Israeli troops intensified their campaign against Hamas with more arrests across the West Bank, part of a campaign to cripple the militant organization and find three teenagers the government says the group kidnapped.
The army is focusing on Hamas’s capabilities, infrastructure and recruitment, spokesman Peter Lerner said in a text message, and has taken about 200 Palestinians into custody. The Islamist group applauded the June 12 abduction of the youths from a West Bank hitchhiking station without claiming responsibility.
“Membership in Hamas will turn into a ticket to hell,” Naftali Bennett, a member of Prime Minister Benjamin Netanyahu’s inner security cabinet, said in an interview with Israel Radio.
Hamas, which formed a joint government with Palestinian President Mahmoud Abbas on June 2, is considered a terrorist group by Israel, the U.S. and European Union for its attacks on Israelis. It held Israeli soldier Gilad Shalit captive in the Gaza Strip for five years before trading him in 2011 for more than 1,000 Palestinian prisoners.
The group, which has ruled Gaza for the past seven years, e-mailed a statement to reporters saying it would neither confirm nor deny involvement in the kidnapping. By blaming Hamas, “the enemy is seeking to justify its aggression against our people,” it said.

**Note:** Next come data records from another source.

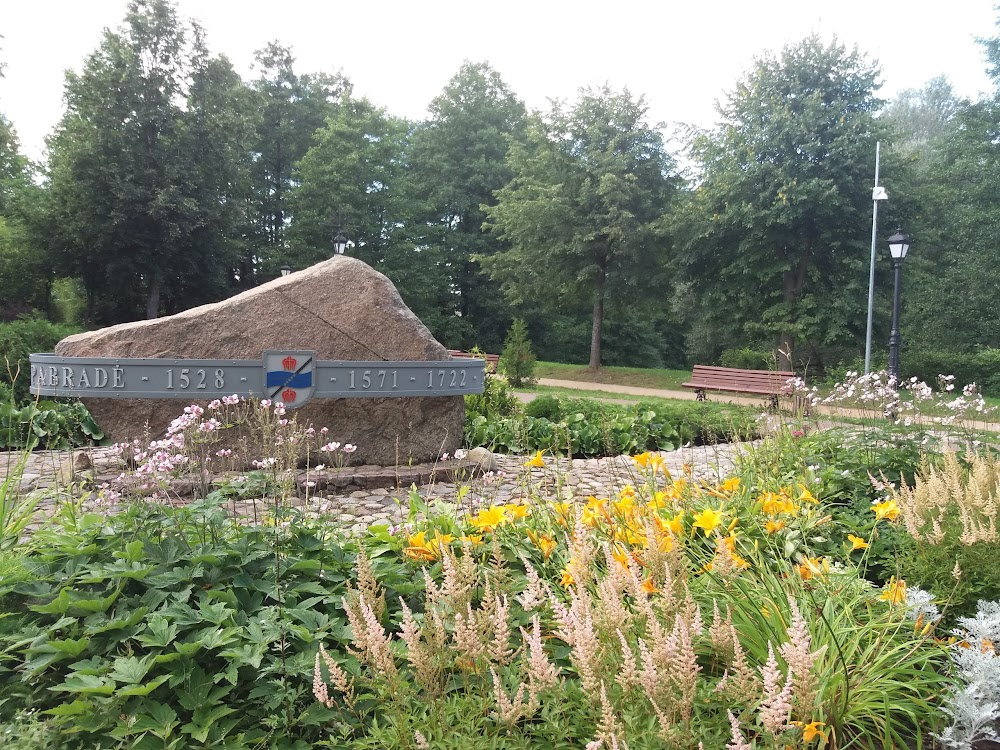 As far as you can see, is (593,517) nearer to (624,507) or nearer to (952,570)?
(624,507)

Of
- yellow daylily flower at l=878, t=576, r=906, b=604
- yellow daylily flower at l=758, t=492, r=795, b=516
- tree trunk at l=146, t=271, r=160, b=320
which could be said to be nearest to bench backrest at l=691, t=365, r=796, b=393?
yellow daylily flower at l=758, t=492, r=795, b=516

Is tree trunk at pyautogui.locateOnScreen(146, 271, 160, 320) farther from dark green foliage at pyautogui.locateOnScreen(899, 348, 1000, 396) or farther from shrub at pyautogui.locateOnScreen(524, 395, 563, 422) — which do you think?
dark green foliage at pyautogui.locateOnScreen(899, 348, 1000, 396)

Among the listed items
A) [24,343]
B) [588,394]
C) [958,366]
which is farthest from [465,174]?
[24,343]

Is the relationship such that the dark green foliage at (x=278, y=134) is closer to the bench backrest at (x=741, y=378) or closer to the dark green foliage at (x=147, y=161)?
the dark green foliage at (x=147, y=161)

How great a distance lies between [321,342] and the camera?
18.6ft

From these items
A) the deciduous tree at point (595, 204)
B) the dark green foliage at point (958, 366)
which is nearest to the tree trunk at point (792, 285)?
the deciduous tree at point (595, 204)

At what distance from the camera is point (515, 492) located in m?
5.01

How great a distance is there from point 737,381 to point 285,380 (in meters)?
10.7

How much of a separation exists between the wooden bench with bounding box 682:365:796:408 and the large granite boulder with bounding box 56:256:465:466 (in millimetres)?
8317

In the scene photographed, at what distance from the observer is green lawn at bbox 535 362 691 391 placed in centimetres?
1895

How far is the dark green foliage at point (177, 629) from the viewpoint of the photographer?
6.13 feet

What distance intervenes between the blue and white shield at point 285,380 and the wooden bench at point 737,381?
918cm

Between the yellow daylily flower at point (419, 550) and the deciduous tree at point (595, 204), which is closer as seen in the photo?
the yellow daylily flower at point (419, 550)

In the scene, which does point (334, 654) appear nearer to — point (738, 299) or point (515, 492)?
point (515, 492) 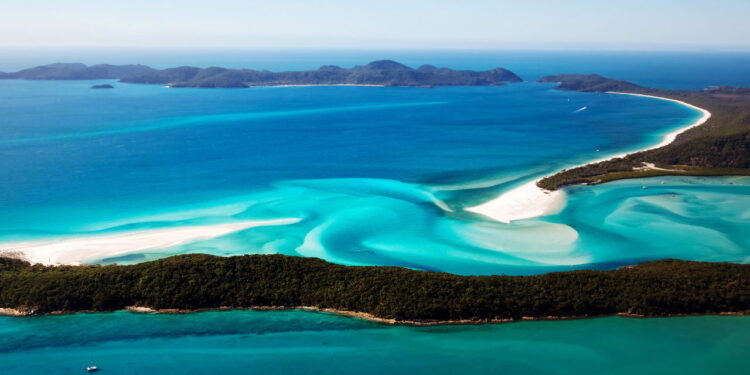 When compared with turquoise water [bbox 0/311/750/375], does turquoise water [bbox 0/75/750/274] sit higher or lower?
higher

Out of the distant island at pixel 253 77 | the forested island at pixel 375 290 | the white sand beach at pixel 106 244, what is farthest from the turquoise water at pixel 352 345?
the distant island at pixel 253 77

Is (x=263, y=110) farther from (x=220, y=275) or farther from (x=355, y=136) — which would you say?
(x=220, y=275)

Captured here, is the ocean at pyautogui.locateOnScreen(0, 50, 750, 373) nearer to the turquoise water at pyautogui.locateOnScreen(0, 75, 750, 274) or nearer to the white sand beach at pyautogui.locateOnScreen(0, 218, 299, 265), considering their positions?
the turquoise water at pyautogui.locateOnScreen(0, 75, 750, 274)

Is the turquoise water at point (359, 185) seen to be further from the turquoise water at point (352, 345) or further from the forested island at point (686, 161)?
the turquoise water at point (352, 345)

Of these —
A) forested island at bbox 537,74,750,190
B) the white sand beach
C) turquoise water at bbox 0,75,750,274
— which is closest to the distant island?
turquoise water at bbox 0,75,750,274

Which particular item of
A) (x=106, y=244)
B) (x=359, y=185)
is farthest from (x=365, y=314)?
(x=359, y=185)

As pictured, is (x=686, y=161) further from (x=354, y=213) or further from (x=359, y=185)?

Netanyahu’s security cabinet met today and decided to take unspecified steps to increase pressure on Hamas members in Israeli prisons, a government official said on condition of anonymity because the broader package of measures is still under discussion. When Shalit was held by Hamas, steps included limiting family visits and cutting privileges to watch television and read newspapers.

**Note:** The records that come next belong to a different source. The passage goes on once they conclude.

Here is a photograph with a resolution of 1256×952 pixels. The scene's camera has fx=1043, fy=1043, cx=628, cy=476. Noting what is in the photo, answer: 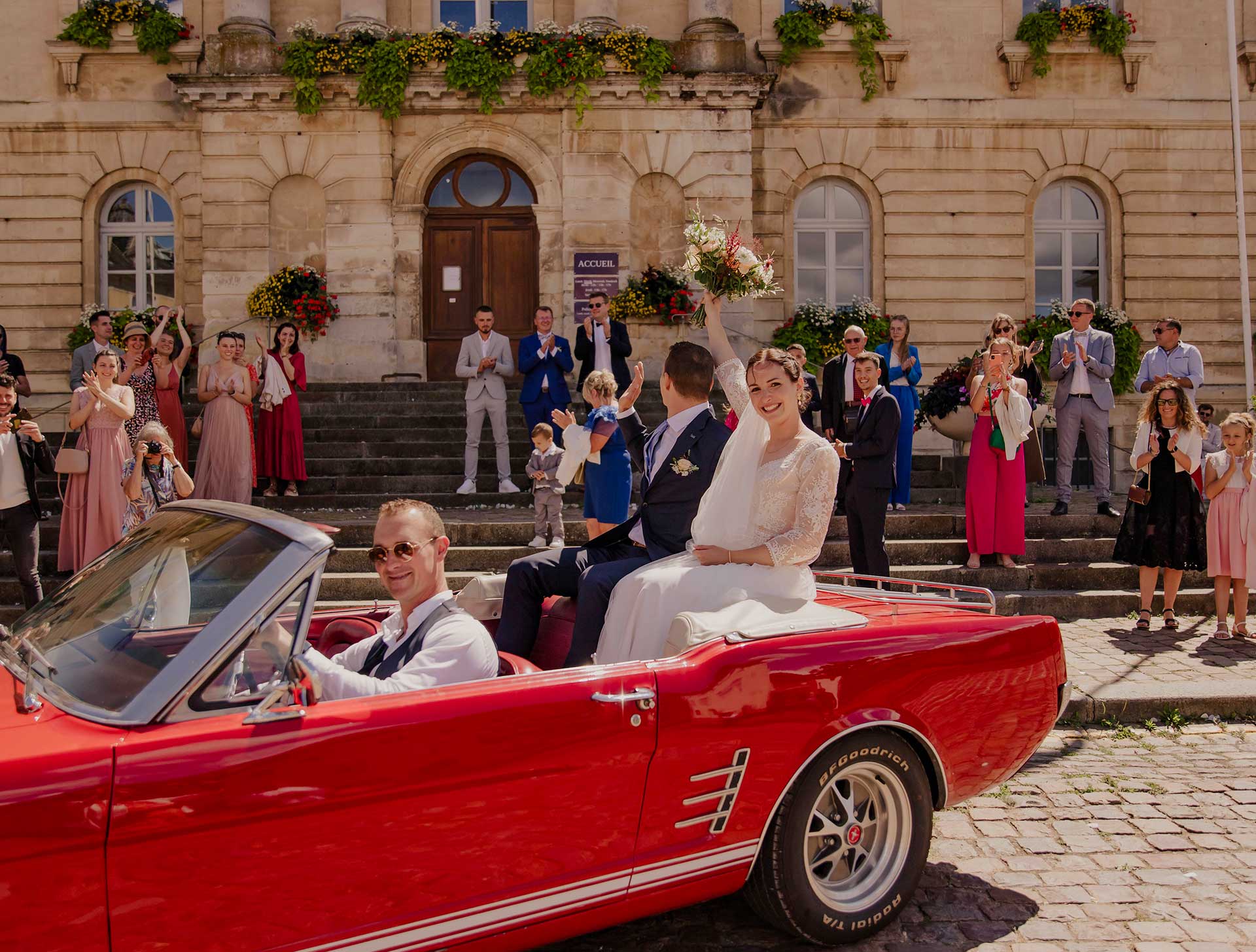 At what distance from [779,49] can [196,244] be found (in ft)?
35.7

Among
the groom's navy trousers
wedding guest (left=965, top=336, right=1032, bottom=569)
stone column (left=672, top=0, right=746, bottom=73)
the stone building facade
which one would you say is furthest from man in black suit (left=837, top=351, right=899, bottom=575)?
stone column (left=672, top=0, right=746, bottom=73)

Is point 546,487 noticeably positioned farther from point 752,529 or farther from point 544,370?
point 752,529

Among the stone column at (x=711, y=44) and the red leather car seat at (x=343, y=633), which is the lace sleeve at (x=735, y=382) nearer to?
the red leather car seat at (x=343, y=633)

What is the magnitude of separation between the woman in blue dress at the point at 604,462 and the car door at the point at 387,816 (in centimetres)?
530

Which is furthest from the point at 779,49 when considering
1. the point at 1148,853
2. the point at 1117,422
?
the point at 1148,853

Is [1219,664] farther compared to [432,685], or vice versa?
[1219,664]

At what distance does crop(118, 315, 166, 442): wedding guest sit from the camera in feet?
33.1

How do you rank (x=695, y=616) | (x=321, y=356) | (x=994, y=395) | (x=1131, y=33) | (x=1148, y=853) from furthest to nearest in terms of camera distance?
(x=1131, y=33), (x=321, y=356), (x=994, y=395), (x=1148, y=853), (x=695, y=616)

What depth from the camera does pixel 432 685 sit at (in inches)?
128

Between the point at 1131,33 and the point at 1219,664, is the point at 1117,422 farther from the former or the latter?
the point at 1219,664

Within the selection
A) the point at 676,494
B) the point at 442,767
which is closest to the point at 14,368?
the point at 676,494

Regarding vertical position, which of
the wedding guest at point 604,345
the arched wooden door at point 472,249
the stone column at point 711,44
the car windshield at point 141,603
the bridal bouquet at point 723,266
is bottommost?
the car windshield at point 141,603

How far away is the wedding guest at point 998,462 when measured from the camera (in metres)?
9.63

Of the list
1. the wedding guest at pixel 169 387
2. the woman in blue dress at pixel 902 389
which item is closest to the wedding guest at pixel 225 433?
the wedding guest at pixel 169 387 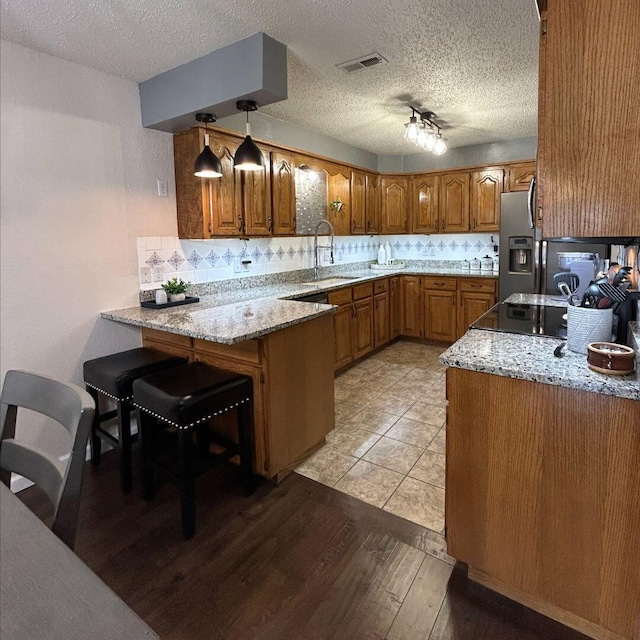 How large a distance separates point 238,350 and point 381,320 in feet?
9.19

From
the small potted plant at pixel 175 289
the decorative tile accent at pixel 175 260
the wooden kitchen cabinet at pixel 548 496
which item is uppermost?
the decorative tile accent at pixel 175 260

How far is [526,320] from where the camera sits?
83.7 inches

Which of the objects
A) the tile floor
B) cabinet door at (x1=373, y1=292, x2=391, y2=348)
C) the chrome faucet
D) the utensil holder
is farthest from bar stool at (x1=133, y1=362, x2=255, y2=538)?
cabinet door at (x1=373, y1=292, x2=391, y2=348)

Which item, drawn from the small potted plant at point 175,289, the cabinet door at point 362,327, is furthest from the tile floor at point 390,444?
the small potted plant at point 175,289

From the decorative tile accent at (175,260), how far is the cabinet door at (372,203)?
256 centimetres

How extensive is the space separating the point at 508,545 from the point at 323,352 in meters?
1.43

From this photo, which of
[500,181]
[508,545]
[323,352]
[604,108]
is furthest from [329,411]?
[500,181]

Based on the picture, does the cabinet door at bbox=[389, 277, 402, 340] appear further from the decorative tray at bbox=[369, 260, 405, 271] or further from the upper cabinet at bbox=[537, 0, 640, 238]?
the upper cabinet at bbox=[537, 0, 640, 238]

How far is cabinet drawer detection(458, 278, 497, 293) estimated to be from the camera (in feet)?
15.2

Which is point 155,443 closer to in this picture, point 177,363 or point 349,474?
point 177,363

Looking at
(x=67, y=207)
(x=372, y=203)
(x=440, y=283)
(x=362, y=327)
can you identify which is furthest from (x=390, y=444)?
(x=372, y=203)

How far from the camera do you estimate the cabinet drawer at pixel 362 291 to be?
428cm

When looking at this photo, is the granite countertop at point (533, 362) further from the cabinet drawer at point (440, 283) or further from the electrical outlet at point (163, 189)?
the cabinet drawer at point (440, 283)

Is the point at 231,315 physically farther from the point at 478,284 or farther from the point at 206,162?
the point at 478,284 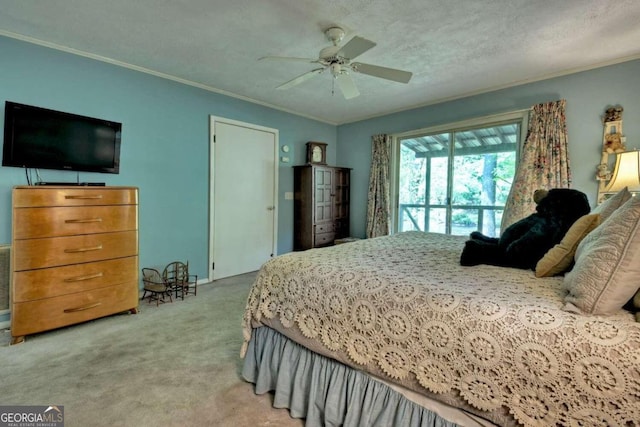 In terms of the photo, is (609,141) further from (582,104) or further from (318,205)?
(318,205)

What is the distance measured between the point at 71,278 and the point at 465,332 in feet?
9.33

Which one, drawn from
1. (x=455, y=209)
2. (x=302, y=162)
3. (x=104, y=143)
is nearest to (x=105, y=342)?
(x=104, y=143)

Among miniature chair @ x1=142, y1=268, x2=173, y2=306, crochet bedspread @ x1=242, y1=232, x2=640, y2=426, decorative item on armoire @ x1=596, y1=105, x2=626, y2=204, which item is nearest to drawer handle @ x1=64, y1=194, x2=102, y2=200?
miniature chair @ x1=142, y1=268, x2=173, y2=306

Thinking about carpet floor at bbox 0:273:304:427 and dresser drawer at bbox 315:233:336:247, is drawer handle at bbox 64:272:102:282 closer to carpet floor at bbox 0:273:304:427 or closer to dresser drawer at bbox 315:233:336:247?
carpet floor at bbox 0:273:304:427

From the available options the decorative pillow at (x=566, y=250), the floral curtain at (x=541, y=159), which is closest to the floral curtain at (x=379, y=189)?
the floral curtain at (x=541, y=159)

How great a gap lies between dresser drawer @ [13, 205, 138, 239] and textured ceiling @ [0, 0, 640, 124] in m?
1.46

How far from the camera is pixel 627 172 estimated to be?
216cm

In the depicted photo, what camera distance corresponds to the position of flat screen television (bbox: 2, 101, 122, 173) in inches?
90.4

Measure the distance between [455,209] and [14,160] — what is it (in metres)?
4.72

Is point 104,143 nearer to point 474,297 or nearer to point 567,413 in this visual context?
point 474,297

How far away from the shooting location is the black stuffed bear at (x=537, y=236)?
1.50m

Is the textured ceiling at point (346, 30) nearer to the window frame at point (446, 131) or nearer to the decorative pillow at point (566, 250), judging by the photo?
the window frame at point (446, 131)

More than 100 Palestinian prisoners have been observing a hunger strike for six weeks to protest their detention without trial, leading to support rallies across the West Bank and Gaza.
Netanyahu met with former U.K. premier and Middle East mediator Tony Blair, and told him that the “international community” must demand that Abbas call off his joint governing agreement with Hamas and “support Israel’s right to defend itself,” according to a text message from Netanyahu’s office.

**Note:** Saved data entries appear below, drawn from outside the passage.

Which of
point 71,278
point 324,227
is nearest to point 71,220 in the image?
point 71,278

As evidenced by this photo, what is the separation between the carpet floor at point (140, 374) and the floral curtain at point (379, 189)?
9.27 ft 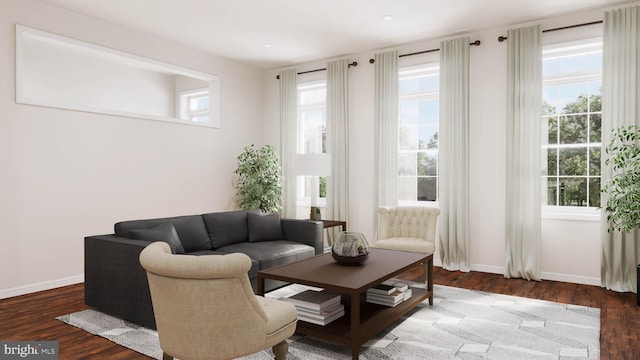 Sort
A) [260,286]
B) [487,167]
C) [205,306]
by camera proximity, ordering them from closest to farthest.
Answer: [205,306], [260,286], [487,167]

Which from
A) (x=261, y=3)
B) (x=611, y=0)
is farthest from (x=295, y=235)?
(x=611, y=0)

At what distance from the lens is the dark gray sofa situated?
3.19 m

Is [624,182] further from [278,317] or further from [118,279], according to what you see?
[118,279]

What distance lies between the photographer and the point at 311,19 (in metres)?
4.82

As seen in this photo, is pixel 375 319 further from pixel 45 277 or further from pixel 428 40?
pixel 428 40

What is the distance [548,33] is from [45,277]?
5.93 meters

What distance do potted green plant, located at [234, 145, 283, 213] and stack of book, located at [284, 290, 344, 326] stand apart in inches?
130

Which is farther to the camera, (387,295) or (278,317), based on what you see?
(387,295)

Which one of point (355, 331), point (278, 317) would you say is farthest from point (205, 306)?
point (355, 331)

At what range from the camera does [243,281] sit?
1964 millimetres

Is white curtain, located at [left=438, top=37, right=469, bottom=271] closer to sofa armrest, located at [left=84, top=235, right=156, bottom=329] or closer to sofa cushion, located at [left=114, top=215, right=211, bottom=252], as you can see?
sofa cushion, located at [left=114, top=215, right=211, bottom=252]

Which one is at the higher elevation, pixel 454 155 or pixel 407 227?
pixel 454 155

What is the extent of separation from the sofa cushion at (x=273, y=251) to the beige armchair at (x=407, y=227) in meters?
0.91

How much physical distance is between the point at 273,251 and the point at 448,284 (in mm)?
1913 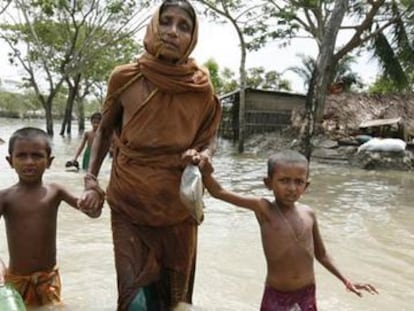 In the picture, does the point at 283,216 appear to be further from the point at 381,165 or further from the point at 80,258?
the point at 381,165

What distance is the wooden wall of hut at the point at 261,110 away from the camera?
842 inches

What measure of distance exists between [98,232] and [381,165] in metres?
10.1

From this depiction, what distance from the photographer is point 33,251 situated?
3010 millimetres

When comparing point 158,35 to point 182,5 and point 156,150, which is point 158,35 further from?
point 156,150

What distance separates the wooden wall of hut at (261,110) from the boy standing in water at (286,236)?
59.2 ft

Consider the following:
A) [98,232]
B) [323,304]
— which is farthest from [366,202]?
[323,304]

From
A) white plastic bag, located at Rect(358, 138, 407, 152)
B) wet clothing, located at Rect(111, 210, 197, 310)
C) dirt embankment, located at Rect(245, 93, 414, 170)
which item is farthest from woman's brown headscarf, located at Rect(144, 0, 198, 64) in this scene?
dirt embankment, located at Rect(245, 93, 414, 170)

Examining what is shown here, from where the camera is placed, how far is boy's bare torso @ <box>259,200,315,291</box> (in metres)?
2.77

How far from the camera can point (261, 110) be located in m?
21.6

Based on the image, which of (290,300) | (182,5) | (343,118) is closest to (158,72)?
(182,5)

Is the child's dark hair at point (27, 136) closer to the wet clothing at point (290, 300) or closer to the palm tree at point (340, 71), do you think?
the wet clothing at point (290, 300)

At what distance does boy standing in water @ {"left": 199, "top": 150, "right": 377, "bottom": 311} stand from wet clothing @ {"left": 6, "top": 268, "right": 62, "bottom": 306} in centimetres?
105

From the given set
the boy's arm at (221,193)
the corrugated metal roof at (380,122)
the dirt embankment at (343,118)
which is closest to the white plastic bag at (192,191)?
the boy's arm at (221,193)

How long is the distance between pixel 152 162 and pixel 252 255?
8.46 feet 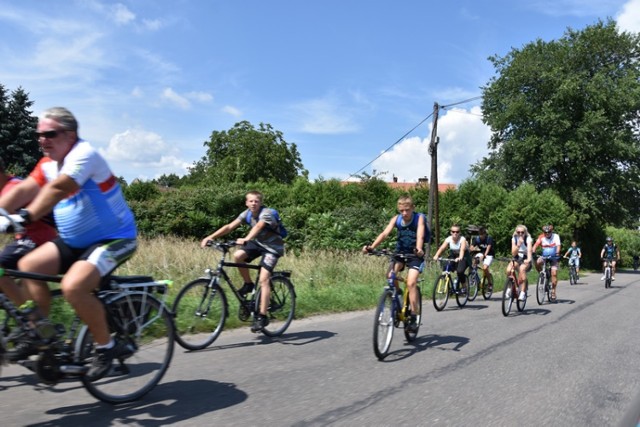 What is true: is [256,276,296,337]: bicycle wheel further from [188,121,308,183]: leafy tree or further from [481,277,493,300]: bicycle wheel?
[188,121,308,183]: leafy tree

The EU’s ambassador to Israel, Lars Faaborg-Anderson, said the kidnapping was “despicable,” according to an e-mailed statement. He conveyed the organization’s “strong condemnation” while visiting a rabbi in Elad, hometown of one of the abducted youths.
Netanyahu has said, without providing evidence, that Hamas seized the youths. He has charged that the group’s entry into the new Palestinian government encouraged the abductions and has demanded that Abbas, who denounced the kidnappings, help to rescue the teens.
Israel’s stock market wasn’t hurt by the mounting tensions, with the benchmark TA-25 index little changed at 5 p.m. in Tel Aviv. The shekel fell 0.2 percent against the dollar.
Netanyahu said yesterday the kidnapping will have “grave consequences” for Hamas and advised Israelis to be prepared for a long military operation. The army chief of staff, Benny Gantz, said the goal is to rescue the youths and “hurt Hamas as much as possible.”
An Arab member of Israel’s parliament, Hanan Zoabi, caused a storm when she said in a radio interview that the kidnappers should not be labeled terrorists. “They’re people who see no chance of changing their reality and they’re forced to use these methods until Israel sobers up a bit,” she told 102 FM.
Miri Regev, a lawmaker from Netanyahu’s Likud-Beitenu parliamentary faction, said Zoabi is a “traitor and should be deported to Gaza,” Israel Radio reported.